### Exercise requirements:
Omitting the images, transcribe the records below exactly as they stand.

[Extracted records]
= = =

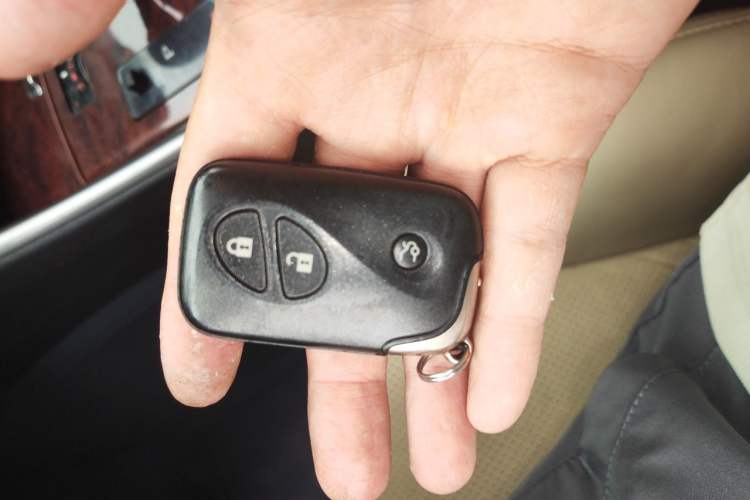 Used Lexus IS 2007 300 Xuan Dong Special Edition Vehicle Key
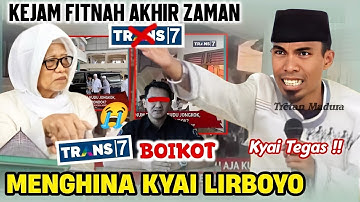 BOIKOT TRANS 7‼️Kejam Fitnah Akhir Zaman || KH KHOLIL YASIN Terbaru 2025 Hari Ini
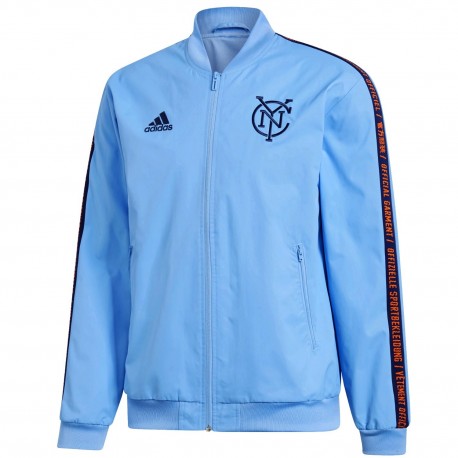 New York City FC pre-match präsentationsjacke 2019 - Adidas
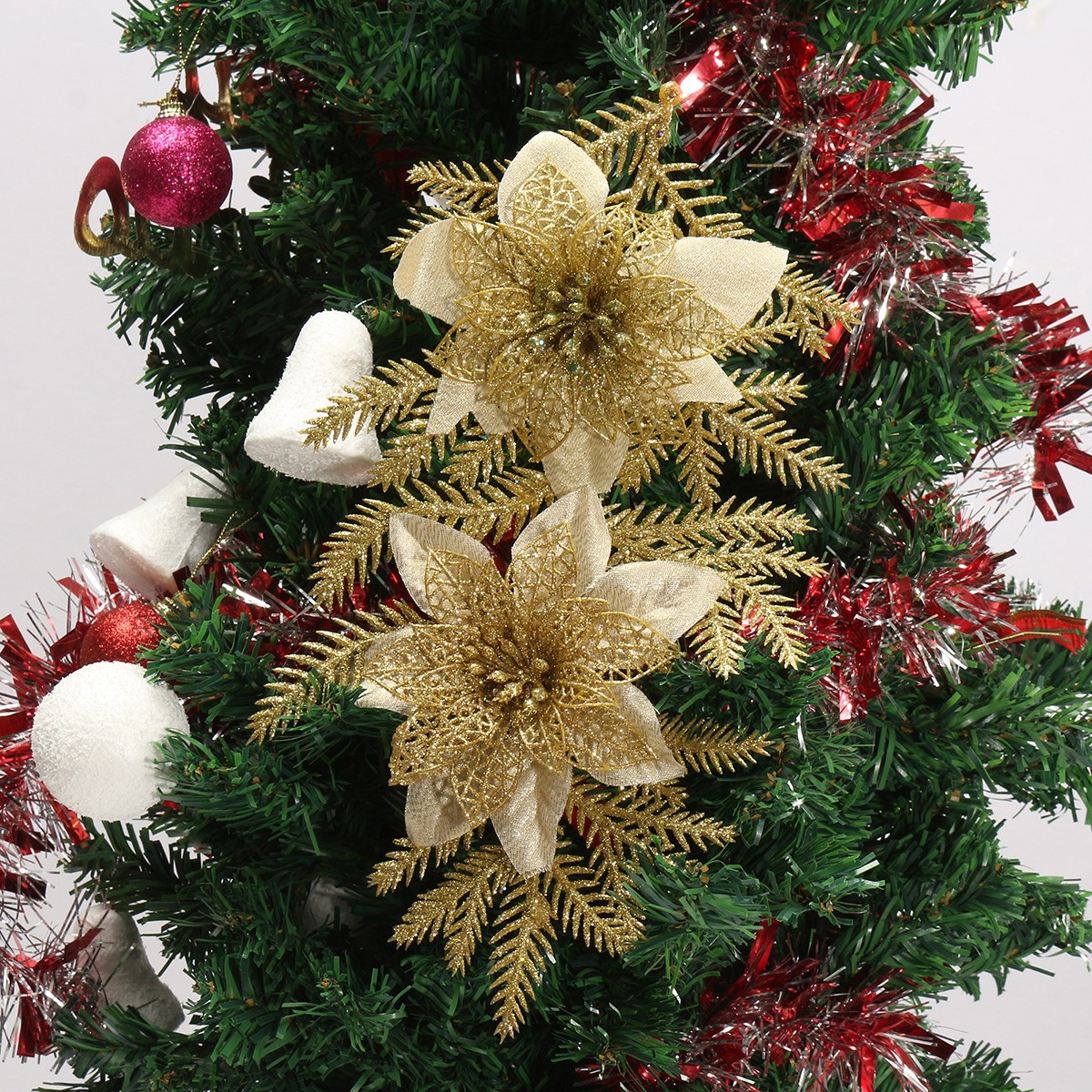 Christmas Flowers Artificial For Decoration 2023 New Top Most Popular ...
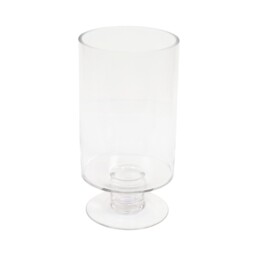 Transparent Glass Hurricane Clear - Wilko - thumbnail 5
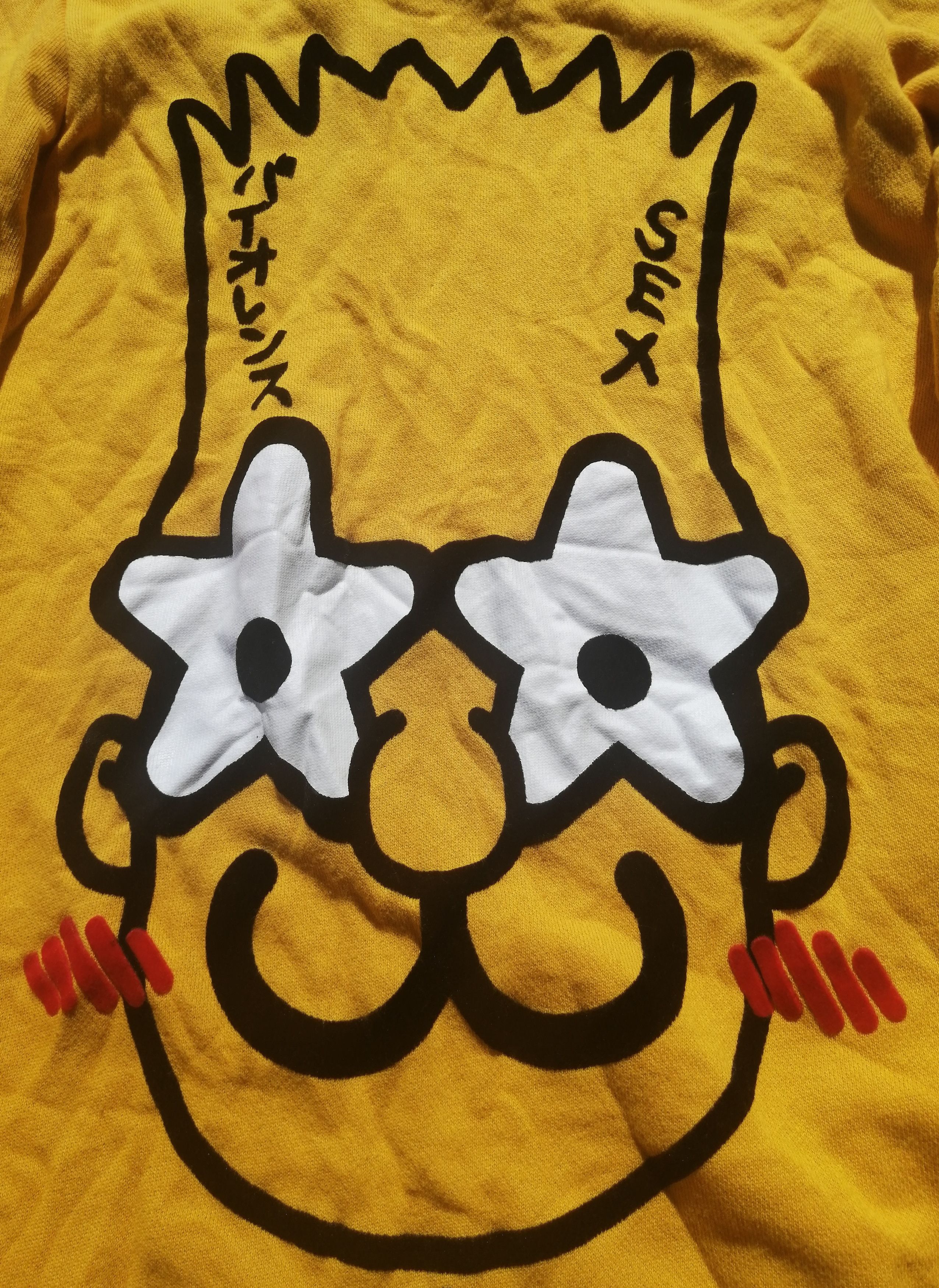 20471120 Hyoma 'SEX' Sweatshirt Size US S / EU 44-46 / 1 - 3 Thumbnail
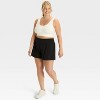 Women's 3" Knit Waistband High-Rise 2-in-1 Shorts - All In Motion™ - 3 of 4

= = =

### Result:
 Used Lexus IS 2007 300 Xuan Dong Special Edition Vehicle Key
 BOIKOT TRANS 7‼️Kejam Fitnah Akhir Zaman || KH KHOLIL YASIN Terbaru 2025 Hari Ini
 New York City FC pre-match präsentationsjacke 2019 - Adidas
 Christmas Flowers Artificial For Decoration 2023 New Top Most Popular ...
 Transparent Glass Hurricane Clear - Wilko - thumbnail 5
 20471120 Hyoma 'SEX' Sweatshirt Size US S / EU 44-46 / 1 - 3 Thumbnail
 Women's 3" Knit Waistband High-Rise 2-in-1 Shorts - All In Motion™ - 3 of 4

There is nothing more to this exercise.